A lot of people on this forum lament the scarcity of good dogs capable of doing the work (whether that be sport or real life). I agree that most people who are used to a run of the mill pet dog would not be able to handle these dogs. But on the other hand responsible pet owners who discover the intelligence, health, and solid temperaments of these working breeds might want to adjust their lifestyles in order to own a better quality of dog.

Is there a need for more average people to understand and responsibly own these breeds in order to help prevent good quality working dogs from disappearing entirely?

It seems like the more people who understand and are comfortable with strong working dogs the better.


----------



## Harry Keely

Josh theres nothing wrong with it at all. But in my own opinion people need to better educate themselves than just having to much money and going out and buying on a whim a hard GSD, Mali or Dutchie for that matter. I personally here to many of these stories myself so I can only imagine how many others out there are experiencing this. It would make better sense to go and see these dogs work and go to different kennels to see the parents demeanors first. I totally agree with the more people that understand and are comfortable with these strong dogs the longer the strengths will continue to prevail. Lets make sure as buyers and purchasers of these dogs that we understand what we are getting in to or are selling to do to. There are alot of good dogs that have been put down for one reason or another for the simple fact that they were to good of a dog for their new handler. Or they get bounced around from place to place because instead of understanding them and learning there body language people say f**k it I'm getting reid of this dam dog. Thats not right to the dog either!!!




Josh Smith said:


> A lot of people on this forum lament the scarcity of good dogs capable of doing the work (whether that be sport or real life). I agree that most people who are used to a run of the mill pet dog would not be able to handle these dogs. But on the other hand responsible pet owners who discover the intelligence, health, and solid temperaments of these working breeds might want to adjust their lifestyles in order to own a better quality of dog.
> 
> Is there a need for more average people to understand and responsibly own these breeds in order to help prevent good quality working dogs from disappearing entirely?
> 
> It seems like the more people who understand and are comfortable with strong working dogs the better.


----------



## Dennis Jones

Harry Keely said:


> I have to agree with Mike & Sue. Why even phantom the idea of putting a working pup into a pet home. That is just F***ing ludacris. We have tried it 3x's and 3 strikes your out and we are out of selling working dogs to a pet fringing home. As far as what Sue said about her daughter knowing more than most adults, I could not agree anymore with her. There is way to many people wanting malis and dutchies because of here say then get them and are like " which way did they go george ". These days to many idiots out there and anyone that breeds these dogs including myself need to be real careful to who gets them. Two of the three were a mali and dutchie adult and both got bitten in the first week of having them. While they were here both were in my house while finishing training with me, my wife a 3 year old son and never had a fringing problem with aggresion control. Never fringing again will I sell one of these breeds to a pet home. Well I'm done and now getting of my soap box. :-\"


 
Don't think I'd want a Dutchie or a Mali. They all remind me of Hannibal Lector:twisted:


----------



## Harry Keely

GSD's fall into working class dogs to. Look at Mike Suttles present and past GSD's. There probally harder and better than most peoples mali's or dutchies. Same rule applies to hard stricken GSD too.:-k




Dennis Jones said:


> Don't think I'd want a Dutchie or a Mali. They all remind me of Hannibal Lector:twisted:


----------



## Dennis Jones

Harry Keely said:


> GSD's fall into working class dogs to. Look at Mike Suttles present and past GSD's. There probally harder and better than most peoples mali's or dutchies. Same rule applies to hard stricken GSD too.:-k


 
Oh I know that, I just like giving the Mali and Dutchies ppl a hard time;-)


----------



## Sue DiCero

Cara does not really know more, but she sees what is going on and asks. Not clouded by perception; her world is black and white. 
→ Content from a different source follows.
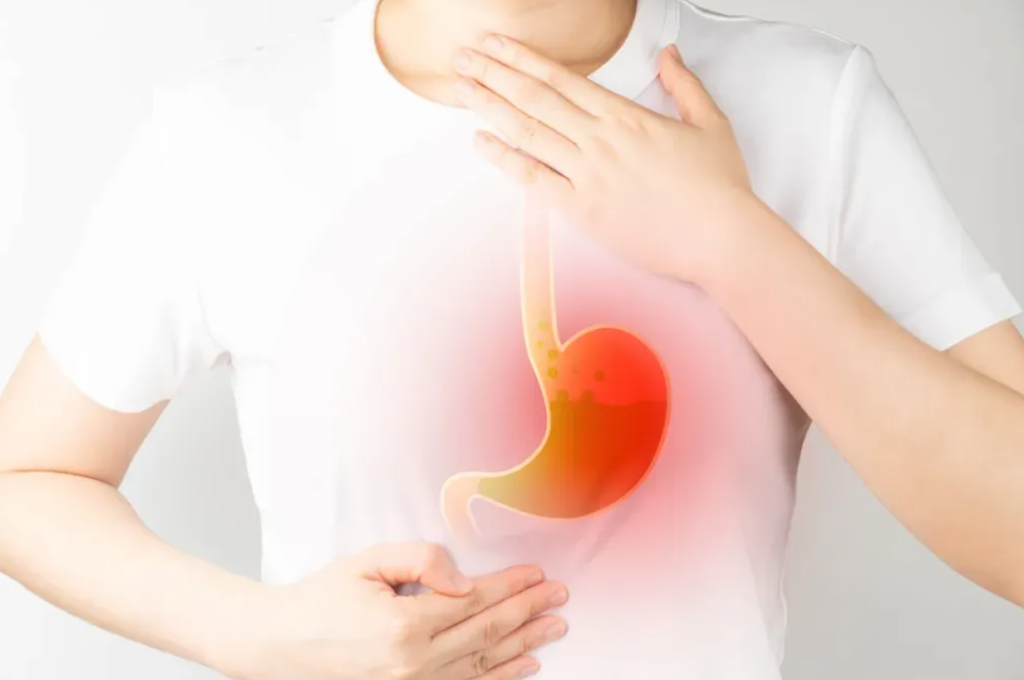 Acid reflux (GERD) Lifestyle Changes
Dog bits full or not. (can you see airspace).
Dog barks continously or not.

I talked to someone this past weekend. He wanted an "active dog". After talking to him, he was not ready to have a dog, active, working or pet. Just getting out of grad school, REALLLLLLY wanted a dog. We talked about schedule (what he would give up, gave examples of what I went through) and maybe taking time to get settled in his new job, schedule and enjoy being out of school (late 20s).


----------



## Howard Gaines III

Bob Scott said:


> For me, I got one of those ball slingers.
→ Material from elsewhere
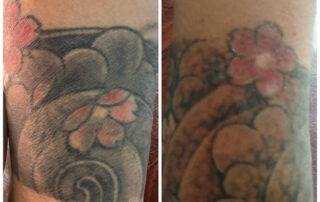 tattoo removal after session in kathmandu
 Dumb question, so why don't you just get the hernia repair???!!!:mrgreen:](*,)


----------



## Howard Gaines III

Josh Smith said:


> Is there a need for more average people to understand and responsibly own these breeds in order to help prevent good quality working dogs from disappearing entirely?
> 
> It seems like the more people who understand and are comfortable with strong working dogs the better.


 One better Josh, anyone owning a working breed AND WORKING the dog in some venue. Owning and doing nothing with it other than to say you have one is a joke. It's like folks who call me with BCs and cry b/c their dog has lots of drive and no outlet...go figure!!!!!!!!!!!](*,)


----------



## David Frost

Howard Gaines III said:


> It's like folks who call me with BCs and cry b/c their dog has lots of drive and no outlet...go figure!!!!!!!!!!!](*,)


I attended, as an observer, a herding demonstration. The woman giving the demo was using three border collies. It was impressive to watch them work. During a question and answer session, a woman asked if they make good pets. The woman doing the demon, quickly and aggressively said; Hell no. I applauded her answer. ha ha. I think it's no accident Mals are starting to show up in rescues in larger numbers.

DFrost


----------



## leslie cassian

So for all of you breeding working dogs, who seem to think that no working breed dog is suitable for a 'pet' home, what happens to your washouts? Do you place them in non working homes?


----------



## Gillian Schuler

Good question! They don't even have to be "washouts". Some breeders over here advertise "to working homes only" but if anyone were to offer more than the asking price, some might be persuaded.

Some very good longstanding breeders won't have trouble because they count sport, police, military, etc. to their clients and don't need to sell to pet homes but the good or new breeder may have to face keeping part of the litter or selling to non-working dog home. If they check out the would be owners, and advise them properly it could work.

Most of us started off as pet owners or not?


----------



## Howard Gaines III

leslie cassian said:


> So for all of you breeding working dogs, who seem to think that no working breed dog is suitable for a 'pet' home, what happens to your washouts? Do you place them in non working homes?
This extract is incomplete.